L’histoire du Businova H2 est récente. Sa phase d’homologation s’est étalée entre fin 2018 et début 2019. La même année, un premier territoire se décidait pour accueillir ce bus H2 français. C’est le syndicat mixte des transports Artois-Gohelle, dans le Pas-de-Calais, qui a en quelque sorte essuyé les plâtres. Son réseau d’autobus Tadao affiche judicieusement comme devise : « Une mobilité d’avance ». Il exploite actuellement 6 exemplaires 12 mètres. Avec quel retour d’expérience ? « La situation est normalisée. Le taux de fiabilité des Businova est en forte croissance. La consommation d’hydrogène se révèle sur le terrain moins importante que prévue », répond Jean-Christophe Hoguet.
 

Versailles et Le Mans

Il circule à Versailles (78) 5 bus H2 Safra, confiés à Keolis par le spécialiste de la location de bus à énergies alternatives B.E. Green. La ville du Mans (72) teste actuellement un exemplaire de Businova. « Une ligne complète de la Setram devait utiliser exclusivement des bus hydrogène dans les 12 à 24 mois », a révélé Jean-Christophe Hoguet.

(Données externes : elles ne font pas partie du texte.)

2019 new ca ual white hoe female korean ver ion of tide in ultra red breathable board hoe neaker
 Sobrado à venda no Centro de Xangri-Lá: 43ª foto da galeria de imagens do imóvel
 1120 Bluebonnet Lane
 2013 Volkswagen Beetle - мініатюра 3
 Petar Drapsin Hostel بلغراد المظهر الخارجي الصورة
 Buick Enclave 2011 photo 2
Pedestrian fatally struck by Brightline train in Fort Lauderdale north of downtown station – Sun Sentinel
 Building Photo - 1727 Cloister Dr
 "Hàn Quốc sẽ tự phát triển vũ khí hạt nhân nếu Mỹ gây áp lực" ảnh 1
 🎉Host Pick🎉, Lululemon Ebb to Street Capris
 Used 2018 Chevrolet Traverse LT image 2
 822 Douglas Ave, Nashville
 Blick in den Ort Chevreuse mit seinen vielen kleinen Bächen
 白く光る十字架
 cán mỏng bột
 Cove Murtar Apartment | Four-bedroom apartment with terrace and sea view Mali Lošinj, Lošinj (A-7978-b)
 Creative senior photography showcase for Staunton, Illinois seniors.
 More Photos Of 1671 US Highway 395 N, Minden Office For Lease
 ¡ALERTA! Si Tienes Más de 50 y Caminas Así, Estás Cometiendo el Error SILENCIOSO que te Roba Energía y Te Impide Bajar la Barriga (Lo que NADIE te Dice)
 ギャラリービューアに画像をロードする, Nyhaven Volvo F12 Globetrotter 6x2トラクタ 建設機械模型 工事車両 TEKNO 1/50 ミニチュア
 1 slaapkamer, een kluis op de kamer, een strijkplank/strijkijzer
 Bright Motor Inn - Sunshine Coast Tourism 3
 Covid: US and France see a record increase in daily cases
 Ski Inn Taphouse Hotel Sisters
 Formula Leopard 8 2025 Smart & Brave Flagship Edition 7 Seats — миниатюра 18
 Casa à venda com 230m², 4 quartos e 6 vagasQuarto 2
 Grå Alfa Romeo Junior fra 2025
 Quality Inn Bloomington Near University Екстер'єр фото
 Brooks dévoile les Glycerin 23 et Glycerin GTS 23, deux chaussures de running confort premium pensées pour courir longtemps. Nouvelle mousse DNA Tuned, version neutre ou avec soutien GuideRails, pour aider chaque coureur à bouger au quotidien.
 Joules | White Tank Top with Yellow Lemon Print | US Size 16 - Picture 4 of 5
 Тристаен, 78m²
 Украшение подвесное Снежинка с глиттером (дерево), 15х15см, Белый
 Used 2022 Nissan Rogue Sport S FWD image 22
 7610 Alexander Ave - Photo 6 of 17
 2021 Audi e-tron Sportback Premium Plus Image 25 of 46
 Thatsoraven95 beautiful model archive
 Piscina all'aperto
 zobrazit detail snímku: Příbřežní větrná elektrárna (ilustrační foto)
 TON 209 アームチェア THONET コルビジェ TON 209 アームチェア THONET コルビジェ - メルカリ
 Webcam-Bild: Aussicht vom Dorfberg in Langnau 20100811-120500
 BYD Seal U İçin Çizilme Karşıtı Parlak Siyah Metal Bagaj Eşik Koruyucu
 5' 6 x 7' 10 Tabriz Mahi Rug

Les 3 territoires disposent de leur propre station d’avitaillement. Celle construite avec GNVert dans le Pas-de-Calais peut produire jusque 140 kg d’hydrogène propre par jour. Ce qui couvre les besoins journaliers des 6 Businova (117 kg/j au total). Alimenté en électricité verte garantie par des certificats d’origine, l’électrolyseur alcalin dispose même d’une capacité maximale de 213 kg/j. Sa puissance est de 700 kW en comptant les auxiliaires. Les conducteurs font le plein des bus après le service, et avant stationnement au dépôt. Ils disposent de 2 distributeurs de technologie Hi-Flow qu’ils mobilisent chacun une douzaine de minutes pour remplir les réservoirs. Sur place, 2 unités de stockage. La première est constituée de 2 cuves (95 m3) sous basse pression 30 bars, capables de conserver 490 kg d’hydrogène, dont 312 kg utiles. Sous 450 bars, la seconde est constituée de 24 modules de 400 litres permettant de stocker 270 kg de gaz H2.




 

Un bus à hydrogène aux technologies innovantes

Les 4 réservoirs Luxfer installés classiquement sur le toit peuvent contenir jusque 30 kg d’hydrogène sous une pression de 350 bars.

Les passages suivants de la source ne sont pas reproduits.